Monday, January 18, 2010

Common Table Expressions – Dispensing with the Sub-Query

The Common Table Expression (CTE) is a construct that was introduced in SQL Server 2005. It allows you to define a SELECT statement outside of your main query and then reference it within the query. It’s a great replacement for sub-queries, which can be difficult to debug and maintain, especially once their nested. You can think of CTEs as SQL views that exist only within the scope of a particular SQL statement.

Let’s start with an query example similar to one we were asked to do recently. Let’s imagine you’re asked to write an inventory analysis report that requires the following columns:

  • Item ID
  • Item Description
  • Item Class
  • Standard Cost
  • Quantity On Hand
  • Count Sold – The total number of items sold.
  • Average Unit Price – The average unit price that the
  • Unique Customers Count – The count if individual customers who have purchased the item
  • Percentage of Customers – The percentage of all customers who have purchased the item

The report will have start and end date range parameters (Quantity On Hand will be the current regardless of the date range.

Item ID, Item Description, Item Class and Standard Cost come from the item master table. Quantity On Hand comes from the item quantity master table. Count Sold, Average Unit Price, Count of Unique Customers and Percentage of Customers come from a combination of the Sales Order and Customer Master tables.

Now I suspect there may be a way to do this without sub-queries using aggregates and CASE statements but that’s a challenge for another day. When solving a problem I like to break it into manageable chunks. In this case I’d looking at breaking this into two pieces:

  • Returning the core item information, Item ID, Item Description, Standard Cost and Quantity On Hand.
  • Returning the sales information, Count Sold and Average Unit Price, Unique Customer Count and Percentage of Customers.

Let’s start with the core item info. That query would look as follows:

SELECT
        ItemNumber = ISNULL(ItemMaster.ITEMNMBR, QuantityMaster.ITEMNMBR)
        ,ItemDescription = ItemMaster.ITEMDESC
        ,ItemClass = ItemMaster.ITMCLSCD
        ,StandardCost = ItemMaster.STNDCOST
        ,QuantityOnHand = ISNULL(QuantityMaster.QTYONHND, 0)
    FROM IV00101 AS ItemMaster
        FULL JOIN IV00102 AS QuantityMaster
            ON ItemMaster.ITEMNMBR = QuantityMaster.ITEMNMBR
    WHERE ISNULL(QuantityMaster.RCRDTYPE, 1) = 1

Here we’re joining the item master (IV00101) with the item quantity master (IV00102).
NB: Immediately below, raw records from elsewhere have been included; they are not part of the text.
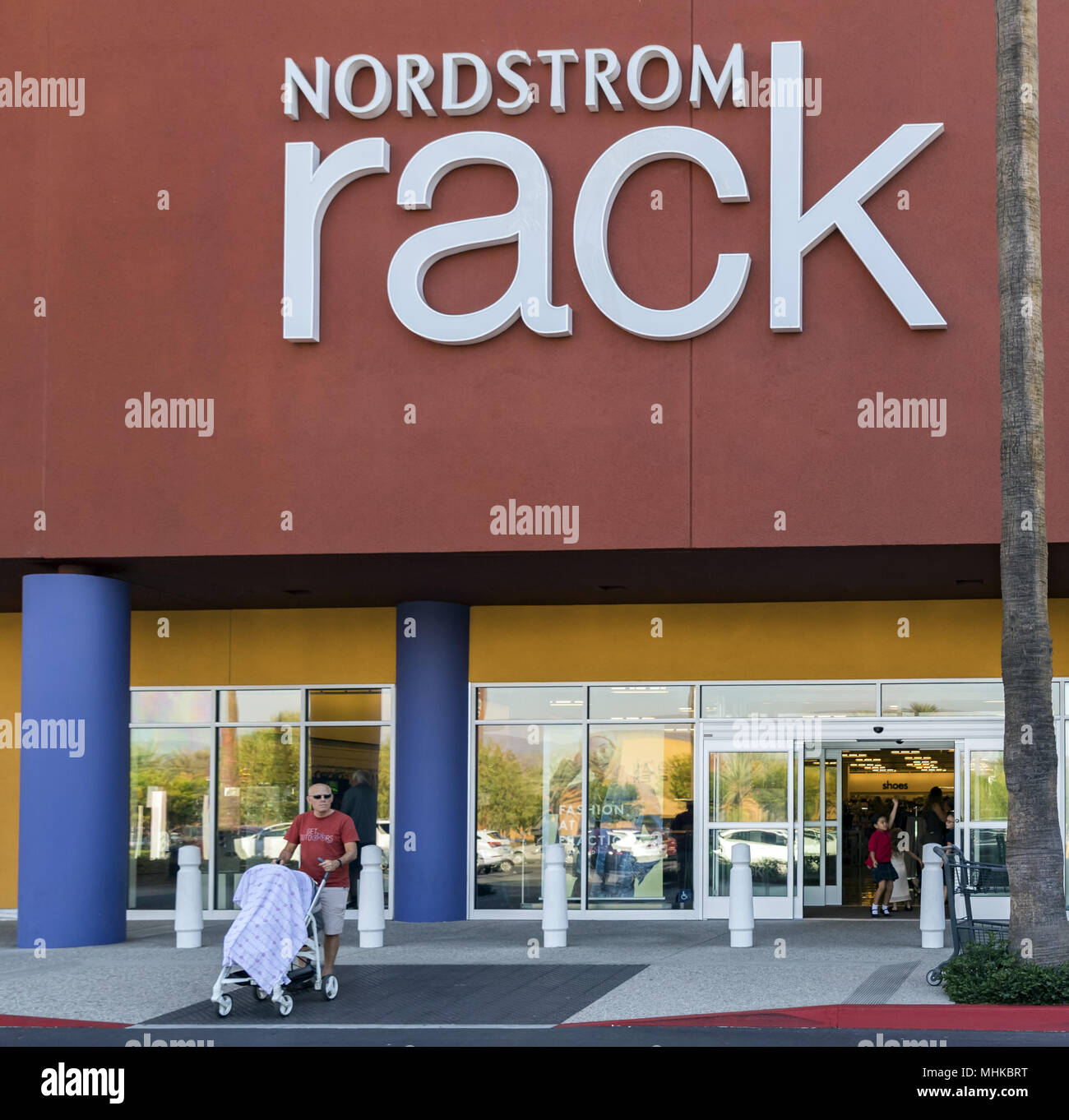 Irvine, Kalifornien, USA. 26 Sep, 2017. Nordstrom Rack ist ein Modehaus in den Vereinigten Staaten, die von Nordstrom besessen und hat sowohl Ziegel und Mörtel speichert und eine E-Commerce Website. Nordstrom Rack bietet Markenbekleidung und Accessoires für Frauen, Männer und Kinder an einem großen Ermäßigung für die Verbraucher in den Vereinigten Staaten. Nordstrom Rack verfügt über mehr als 113 Ziegel und Mörtel speichert. Credit: Alexey Bychkov/ZUMA Draht/Alamy leben Nachrichten Stockfoto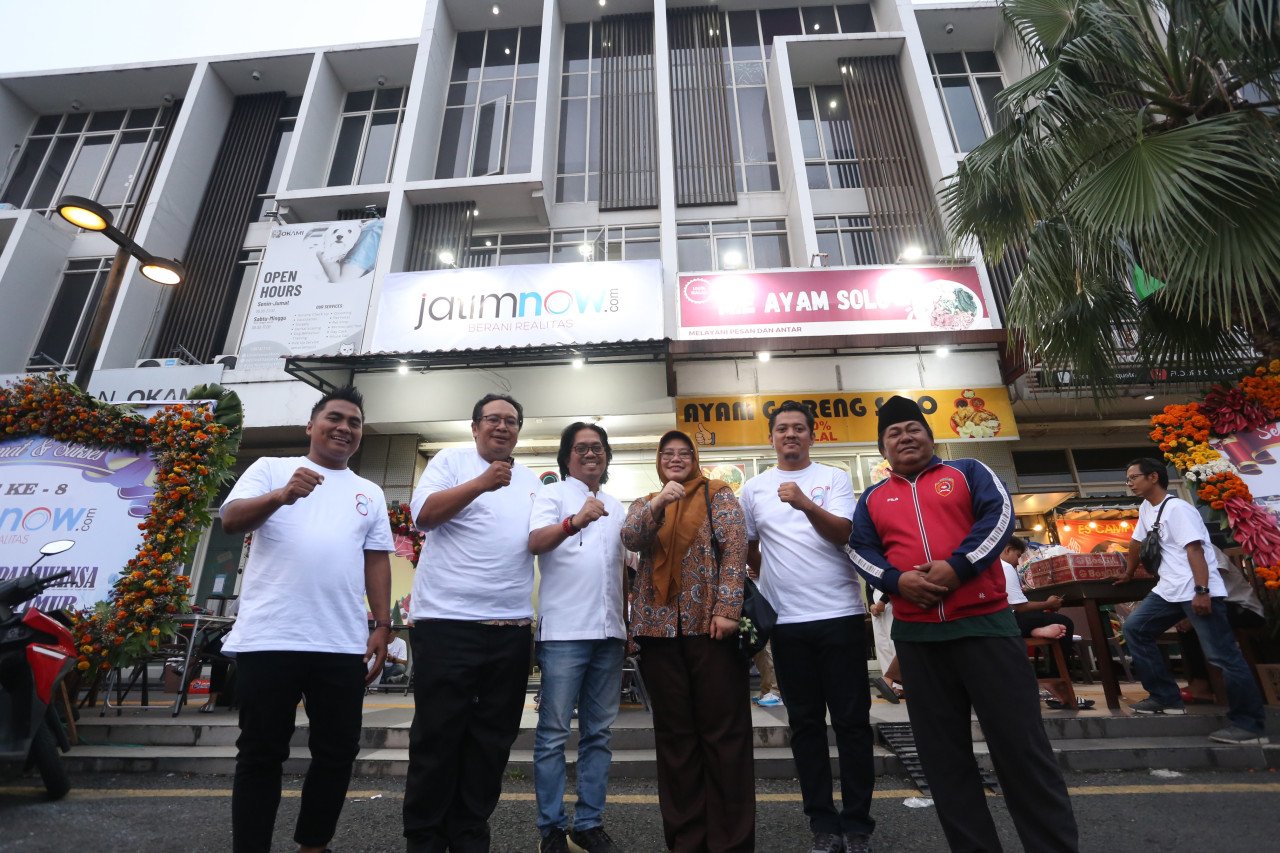 Budi Leksono (3 dari kiri) saat larut dalam perayaan 8 tahun jatimnow.com (foto: jatimnow.com)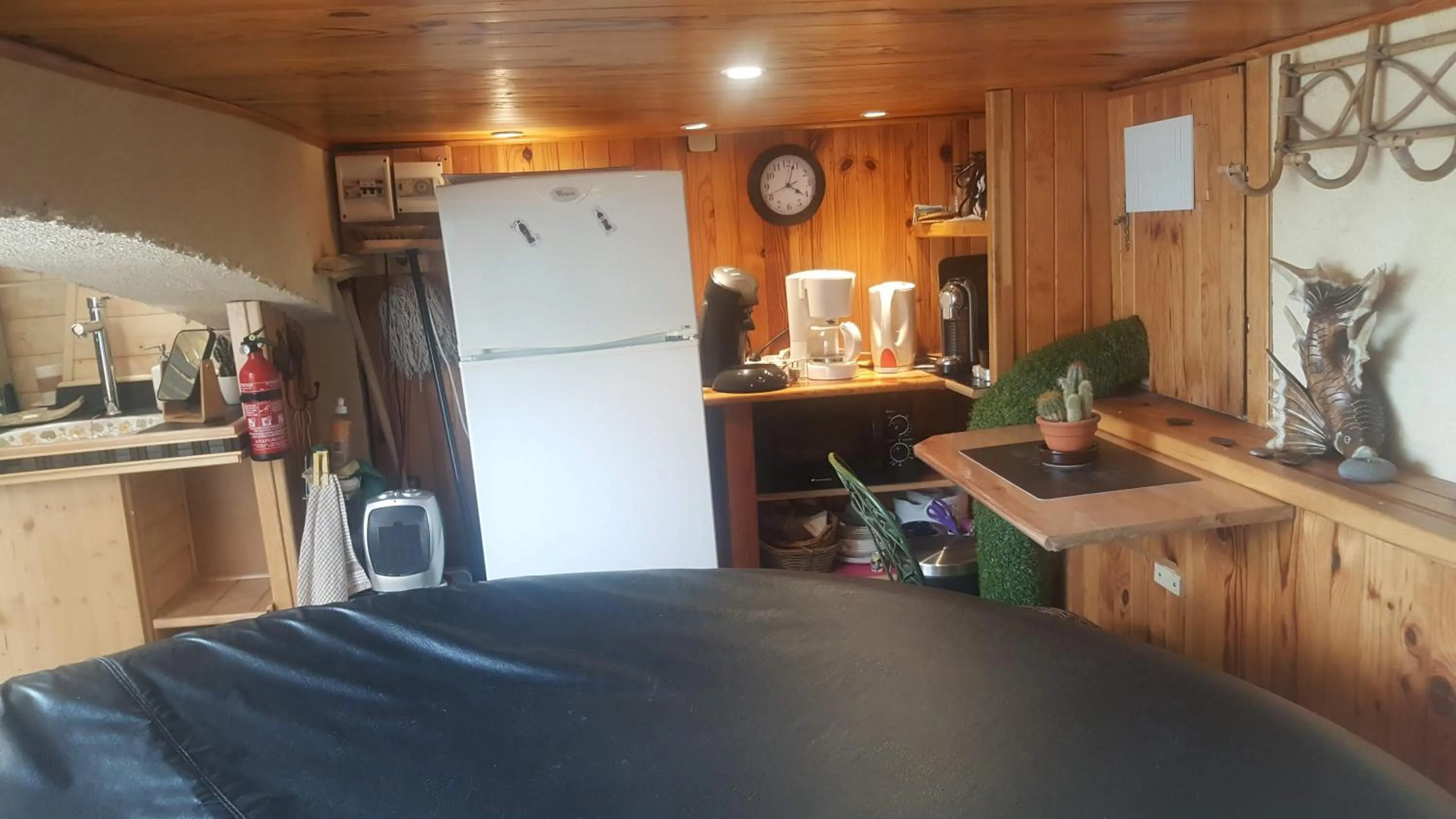 Kitchen or kitchenette in NOUVEAU ! Chambre d'Hôte Insolite PRIVEE " CŒURS DE PIRATES à BALI EN PROVENCE" SPA SAUNA MASSAGES dans cadre EXOTIQUE d'Aménagements EXTÉRIEURS D'EXCEPTION ÉTÉ comme HIVER BIENVENUE !!!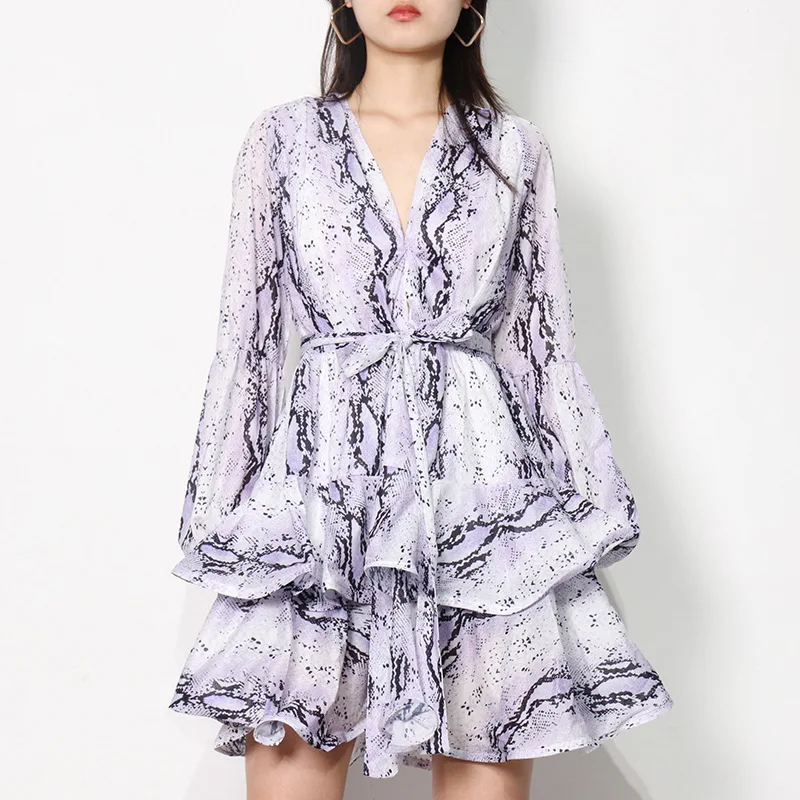 

2021 Summer New French Style Retro Patchwork V-neck Printed Lantern Sleeve Ruffled Chiffon Lace-up Dress for Women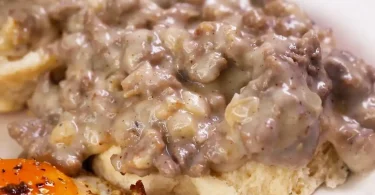 Sausage Gravy and Biscuit Pie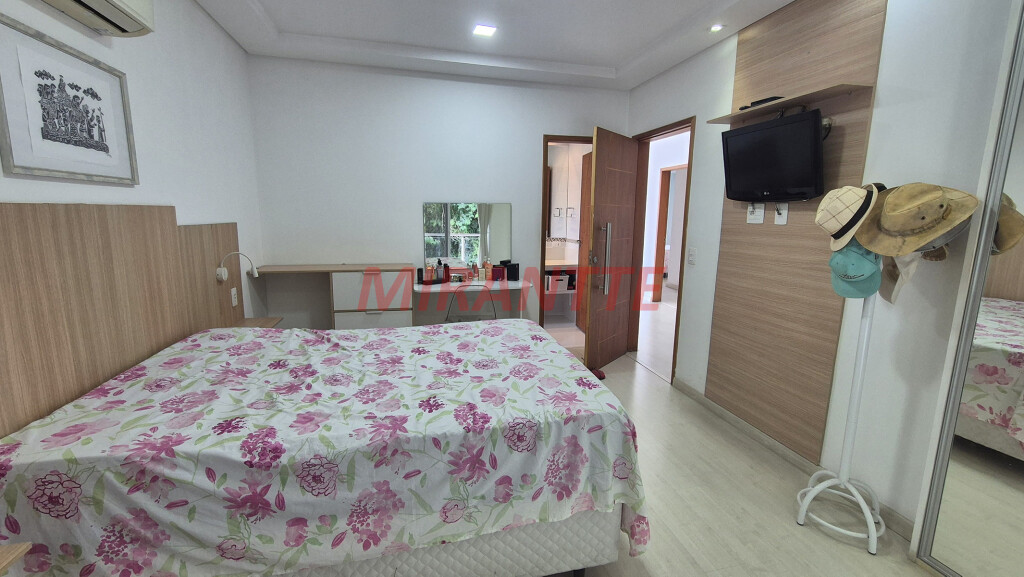Cond. fechado de 486m² com 3 quartos em Real Parque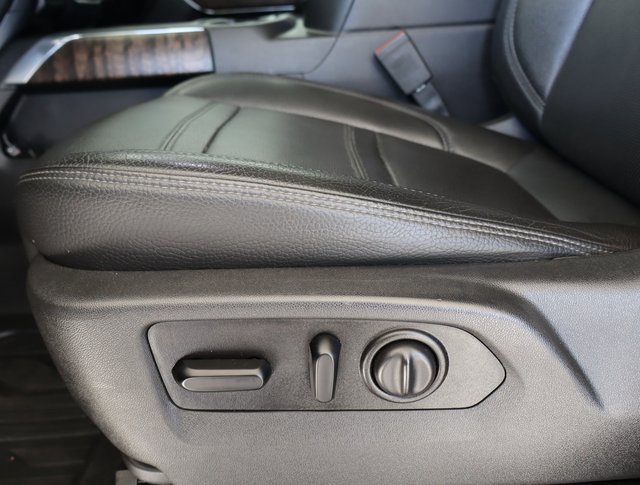 Used 2020 GMC Sierra 3500 Denali w/ Denali Ultimate Package image 21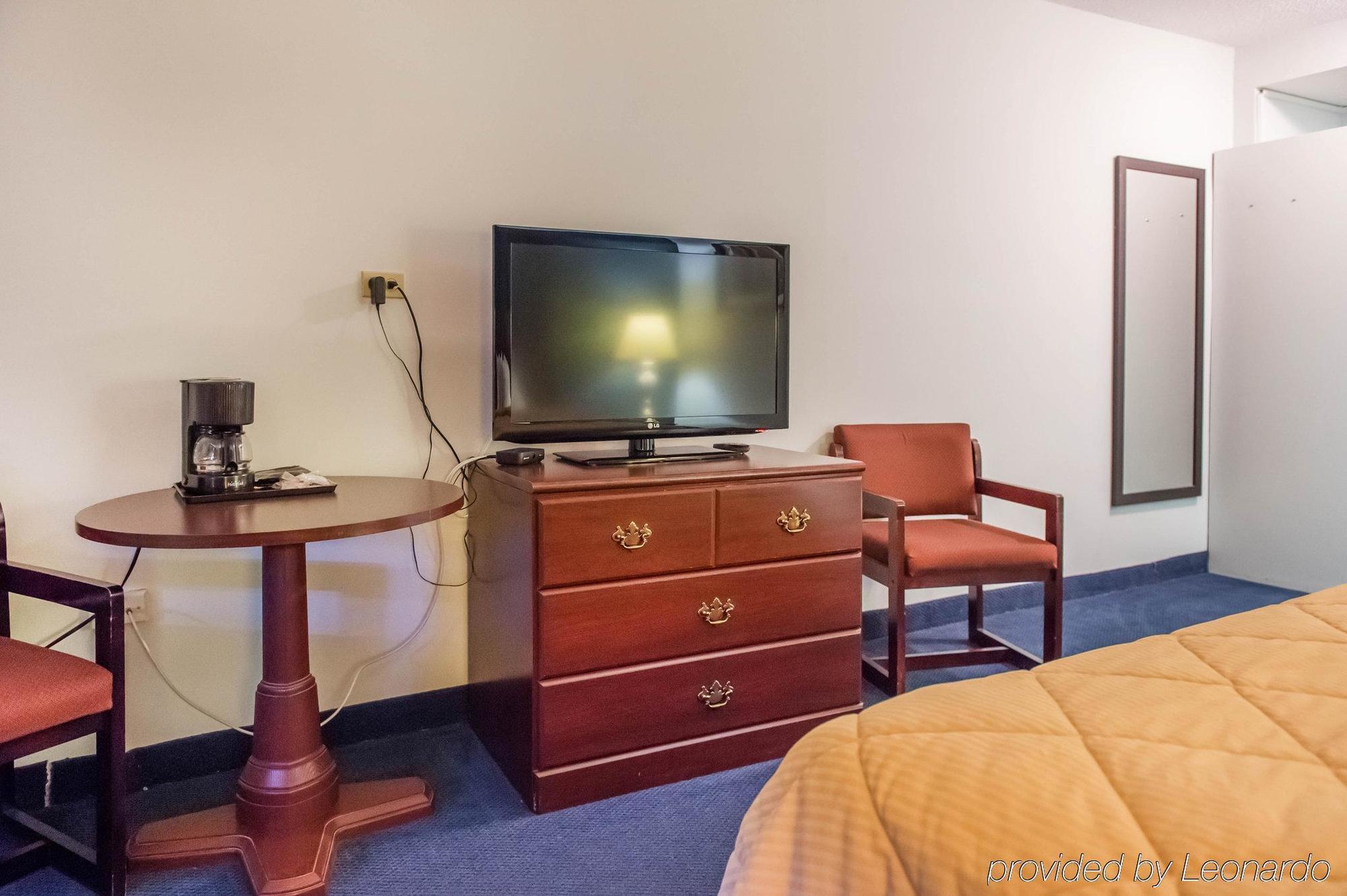 Econo Lodge Smiths Falls Buitenkant foto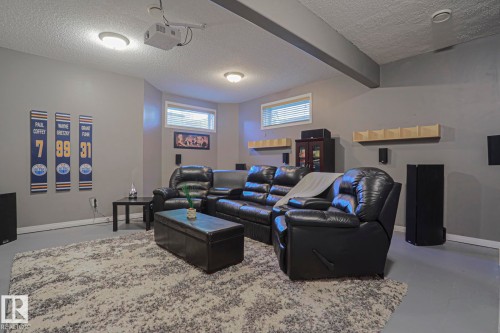 17468 89 Street Nw, Edmonton, AB 
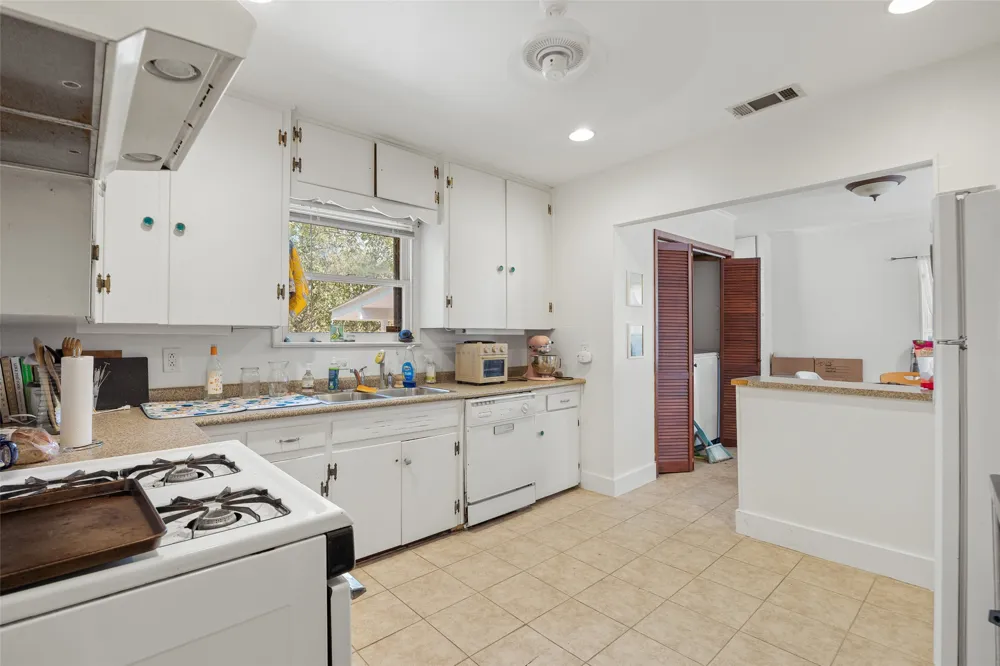5504 Joe Sayers Avenue Austin, TX 78756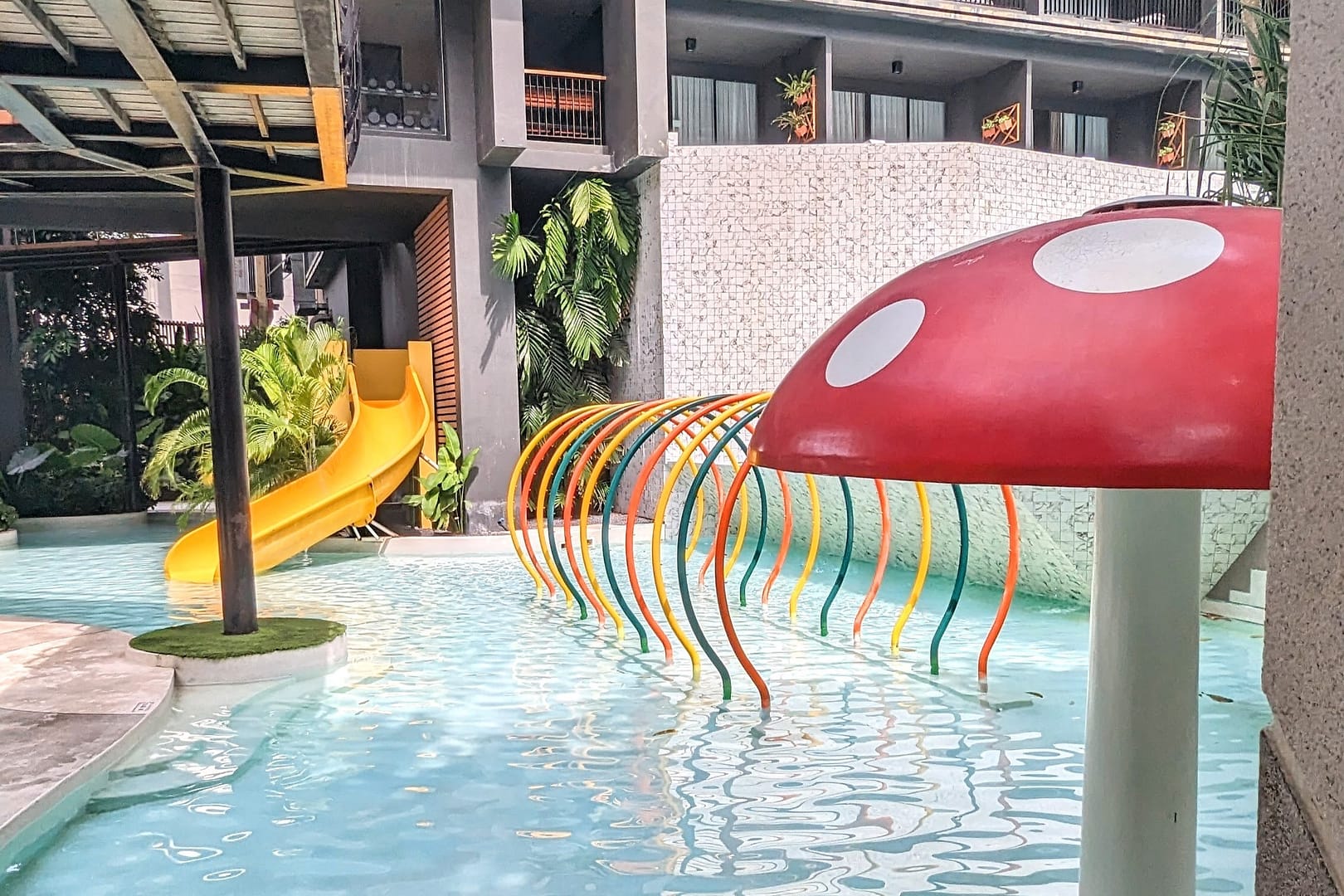 kid friendly pool in panan hotel krabi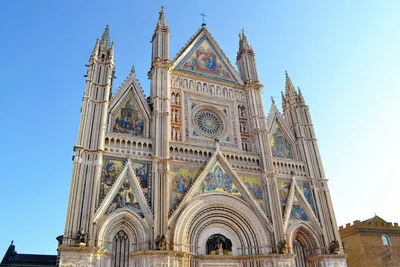 17 Cool Things to Do in Orvieto, Italy (+ Travel Guide) - Our Escape Clause  | 여행, 건물, 어반 스케쳐스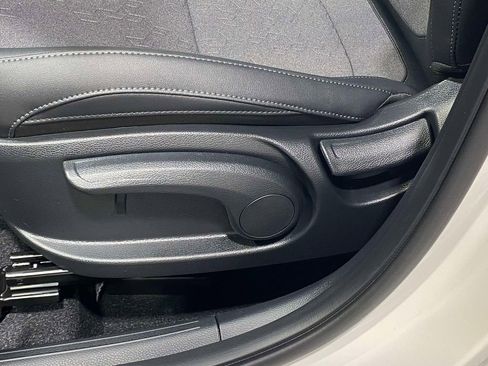 New 2026 Kia Seltos S AWD/4WD image 17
A couple of notes:

  • We’re using a FULL JOIN to ensure we pick up all items. I have found examples where there are records in the item master or quantity master but not a corresponding record in the other.
  • We’re restricting the quantity master records to a record type (RCRDTYPE) of 1, which only returns quantities that apply to all sites.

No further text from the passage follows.